Conflicts and Decision
Spec-wise, this reference algorithm deviates from the spec:
- Handling of the unary operators (Align with reference)
- '+^2', 'a^-2' as subsup? (Spec says no. Reference says yes.)
Also, MS Word's implementation deviates from the reference:
- Handling of the unary operators (remains to be decided)
- '1/+2', '+1/2' as fraction? (Reference disallows both. MS Word permits the first one.)
- Differentiation between the unary plus and unary minus (remains to be decided)
- 'a^-1' vs 'a^+1' as subsup? (Reference only allows the first. MS Word allows both.)
- Differentiation between / and other operators in handling unary operators (remains to be decided)
- '1/+2' as fraction, 'a\of+b' as function, and '\sqrt+2' as sqrt? (Reference says no no no. MS Word permits the first.)

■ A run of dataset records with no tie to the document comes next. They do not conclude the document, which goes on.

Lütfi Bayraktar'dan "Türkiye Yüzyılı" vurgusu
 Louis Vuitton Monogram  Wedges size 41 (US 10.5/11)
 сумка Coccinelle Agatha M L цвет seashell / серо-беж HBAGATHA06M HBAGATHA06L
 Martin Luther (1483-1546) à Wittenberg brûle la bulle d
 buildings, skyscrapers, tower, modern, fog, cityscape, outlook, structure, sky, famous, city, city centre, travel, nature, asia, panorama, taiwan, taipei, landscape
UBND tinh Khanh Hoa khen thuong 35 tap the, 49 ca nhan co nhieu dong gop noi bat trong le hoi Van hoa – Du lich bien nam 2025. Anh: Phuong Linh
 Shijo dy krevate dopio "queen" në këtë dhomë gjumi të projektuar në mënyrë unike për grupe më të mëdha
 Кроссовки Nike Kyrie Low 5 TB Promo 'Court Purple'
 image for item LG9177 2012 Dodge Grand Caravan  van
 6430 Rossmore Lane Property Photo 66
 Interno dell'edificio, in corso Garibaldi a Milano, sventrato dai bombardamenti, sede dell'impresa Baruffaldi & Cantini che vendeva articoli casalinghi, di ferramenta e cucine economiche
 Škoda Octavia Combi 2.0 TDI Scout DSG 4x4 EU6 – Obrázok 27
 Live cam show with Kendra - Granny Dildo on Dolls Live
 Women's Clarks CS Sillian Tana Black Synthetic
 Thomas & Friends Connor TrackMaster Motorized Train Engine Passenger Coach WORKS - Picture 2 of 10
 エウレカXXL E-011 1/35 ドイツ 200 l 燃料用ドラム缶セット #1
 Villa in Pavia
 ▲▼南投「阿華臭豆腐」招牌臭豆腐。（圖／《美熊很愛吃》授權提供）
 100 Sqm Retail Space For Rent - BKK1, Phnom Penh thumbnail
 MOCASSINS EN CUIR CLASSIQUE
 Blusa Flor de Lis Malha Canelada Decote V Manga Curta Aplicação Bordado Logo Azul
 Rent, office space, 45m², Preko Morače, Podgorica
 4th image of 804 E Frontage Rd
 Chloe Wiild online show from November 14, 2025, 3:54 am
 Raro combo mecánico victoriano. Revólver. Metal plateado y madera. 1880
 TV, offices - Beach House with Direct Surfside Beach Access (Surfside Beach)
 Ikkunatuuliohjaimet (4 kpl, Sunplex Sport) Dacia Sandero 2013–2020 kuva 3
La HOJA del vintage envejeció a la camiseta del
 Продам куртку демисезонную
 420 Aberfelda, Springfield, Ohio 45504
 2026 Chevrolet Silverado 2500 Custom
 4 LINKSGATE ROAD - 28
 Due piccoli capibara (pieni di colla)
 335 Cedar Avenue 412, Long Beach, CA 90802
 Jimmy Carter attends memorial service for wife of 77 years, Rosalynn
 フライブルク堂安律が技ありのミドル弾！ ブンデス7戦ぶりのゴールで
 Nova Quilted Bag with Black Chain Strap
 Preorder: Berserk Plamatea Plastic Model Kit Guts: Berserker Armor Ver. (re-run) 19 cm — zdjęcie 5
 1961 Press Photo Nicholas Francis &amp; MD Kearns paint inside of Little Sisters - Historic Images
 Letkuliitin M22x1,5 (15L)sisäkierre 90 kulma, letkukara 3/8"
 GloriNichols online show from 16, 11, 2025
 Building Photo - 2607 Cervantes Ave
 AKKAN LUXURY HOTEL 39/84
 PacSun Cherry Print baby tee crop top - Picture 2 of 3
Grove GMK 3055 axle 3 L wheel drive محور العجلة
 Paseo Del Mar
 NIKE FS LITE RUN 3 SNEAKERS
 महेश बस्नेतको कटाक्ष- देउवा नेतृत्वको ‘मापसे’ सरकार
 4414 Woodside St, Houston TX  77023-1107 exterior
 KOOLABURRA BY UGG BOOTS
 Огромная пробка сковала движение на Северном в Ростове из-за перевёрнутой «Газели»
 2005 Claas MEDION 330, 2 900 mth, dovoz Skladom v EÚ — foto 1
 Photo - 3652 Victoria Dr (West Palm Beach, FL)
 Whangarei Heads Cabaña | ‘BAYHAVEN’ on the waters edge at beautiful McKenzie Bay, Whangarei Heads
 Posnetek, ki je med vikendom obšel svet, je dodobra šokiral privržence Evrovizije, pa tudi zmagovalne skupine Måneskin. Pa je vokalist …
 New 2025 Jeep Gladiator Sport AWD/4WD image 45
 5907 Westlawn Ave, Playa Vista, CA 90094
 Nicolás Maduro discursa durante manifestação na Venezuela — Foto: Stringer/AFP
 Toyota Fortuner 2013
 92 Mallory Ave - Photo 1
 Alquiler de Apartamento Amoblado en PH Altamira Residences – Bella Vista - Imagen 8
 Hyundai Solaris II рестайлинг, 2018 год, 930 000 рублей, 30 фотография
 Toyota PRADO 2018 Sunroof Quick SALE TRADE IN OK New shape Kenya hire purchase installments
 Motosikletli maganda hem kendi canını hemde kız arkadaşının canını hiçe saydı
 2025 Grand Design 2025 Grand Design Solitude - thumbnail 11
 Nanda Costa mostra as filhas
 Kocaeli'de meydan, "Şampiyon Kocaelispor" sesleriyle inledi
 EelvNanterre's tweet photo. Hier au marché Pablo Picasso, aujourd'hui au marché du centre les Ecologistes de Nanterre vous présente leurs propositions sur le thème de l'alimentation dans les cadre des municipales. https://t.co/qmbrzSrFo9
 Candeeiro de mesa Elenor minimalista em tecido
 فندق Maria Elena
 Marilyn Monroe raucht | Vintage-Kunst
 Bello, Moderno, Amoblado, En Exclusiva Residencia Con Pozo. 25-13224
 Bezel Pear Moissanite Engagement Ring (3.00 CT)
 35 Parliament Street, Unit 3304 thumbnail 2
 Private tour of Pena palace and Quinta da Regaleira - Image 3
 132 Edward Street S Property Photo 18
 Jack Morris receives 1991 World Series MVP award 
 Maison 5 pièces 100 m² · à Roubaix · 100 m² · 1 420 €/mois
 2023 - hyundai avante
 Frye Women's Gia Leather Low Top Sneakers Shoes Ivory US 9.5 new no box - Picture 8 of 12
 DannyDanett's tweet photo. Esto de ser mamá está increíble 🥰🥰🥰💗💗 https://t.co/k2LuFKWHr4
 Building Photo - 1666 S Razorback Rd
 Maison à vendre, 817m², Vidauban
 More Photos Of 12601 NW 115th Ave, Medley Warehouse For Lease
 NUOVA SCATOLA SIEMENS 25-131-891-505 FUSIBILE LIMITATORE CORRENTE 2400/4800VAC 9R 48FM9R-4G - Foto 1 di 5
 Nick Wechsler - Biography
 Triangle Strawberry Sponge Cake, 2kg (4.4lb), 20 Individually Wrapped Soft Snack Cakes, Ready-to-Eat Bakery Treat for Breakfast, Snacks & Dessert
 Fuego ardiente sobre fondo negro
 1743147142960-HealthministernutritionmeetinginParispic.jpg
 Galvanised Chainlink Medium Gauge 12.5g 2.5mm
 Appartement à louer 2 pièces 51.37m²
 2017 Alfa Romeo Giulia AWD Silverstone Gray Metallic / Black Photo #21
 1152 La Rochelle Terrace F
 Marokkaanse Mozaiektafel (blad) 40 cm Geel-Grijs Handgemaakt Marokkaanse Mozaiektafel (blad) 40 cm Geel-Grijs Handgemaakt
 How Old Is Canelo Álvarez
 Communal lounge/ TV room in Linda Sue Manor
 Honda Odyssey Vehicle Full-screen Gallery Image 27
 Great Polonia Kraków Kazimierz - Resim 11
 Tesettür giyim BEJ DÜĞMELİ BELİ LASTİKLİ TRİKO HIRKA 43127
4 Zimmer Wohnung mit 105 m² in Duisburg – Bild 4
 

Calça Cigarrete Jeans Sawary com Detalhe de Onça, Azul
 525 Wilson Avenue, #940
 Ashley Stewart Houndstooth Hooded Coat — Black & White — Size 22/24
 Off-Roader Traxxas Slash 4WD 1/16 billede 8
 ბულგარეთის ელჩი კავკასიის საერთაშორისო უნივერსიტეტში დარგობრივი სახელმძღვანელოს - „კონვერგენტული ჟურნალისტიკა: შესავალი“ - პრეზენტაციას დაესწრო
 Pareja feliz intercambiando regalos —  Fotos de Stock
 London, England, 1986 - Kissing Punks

Reference algorithm proposed by spec
- char ← Unicode character
- space ← ASCII space (U+0020)
- αASCII ← ASCII A-Z a-z
- nASCII ← ASCII 0-9
- αnMath ← Unicode math alphanumeric (U+1D400 – U+1D7FF with some Letterlike symbols U+2102 – U+2134)
- αnOther ← Unicode alphanumeric not including αnMath nor nASCII
- αn ← αnMath | αnOther
- diacritic ← Unicode combining mark
- opArray ← ‘&’ | VT | ‘■’
- opClose ← ‘)’ | ‘]’ | ‘}’ | ‘⌍’
- opCloser ← opClose | “\close”
- opDecimal ← ‘.’ | ‘,’
- opHbracket ← Unicode math horizontal bracket
- opNary ← Unicode integrals, summation, product, and other nary ops
- opOpen ← ‘(’ | ‘[’ | ‘{’ | ‘⌌’
- opOpener ← opOpen | “\open”
- opOver ← ‘/’ | “\atop”
- opBuildup ← ‘_’ | ‘^’ | ‘√’ | ‘∙’ | ‘√’ | ‘□’ | ‘/’ | ‘|’ | opArray | opOpen | opClose | opNary | opOver | opHbracket | opDecimal
- other ← char – {αn + nASCII + diacritic + opBuildup + CR}
- diacriticbase ← αn | nASCII | ‘(’ exp ‘)’
- diacritics ← diacritic | diacritics diacritic
- atom ← αn | diacriticbase diacritics
- atoms ← atom | atoms atom
- digits ← nASCII | digits nASCII
- number ← digits | digits opDecimal digits
- expBracket ← opOpener exp opCloser
← ‘||’ exp ‘||’
← ‘|’ exp ‘|’ - word ← αASCII | word αASCII
- scriptbase ← word | word nASCII | αnMath | number | other | expBracket | opNary
- soperand ← operand | ‘∞’ | ‘-’ operand | “-∞”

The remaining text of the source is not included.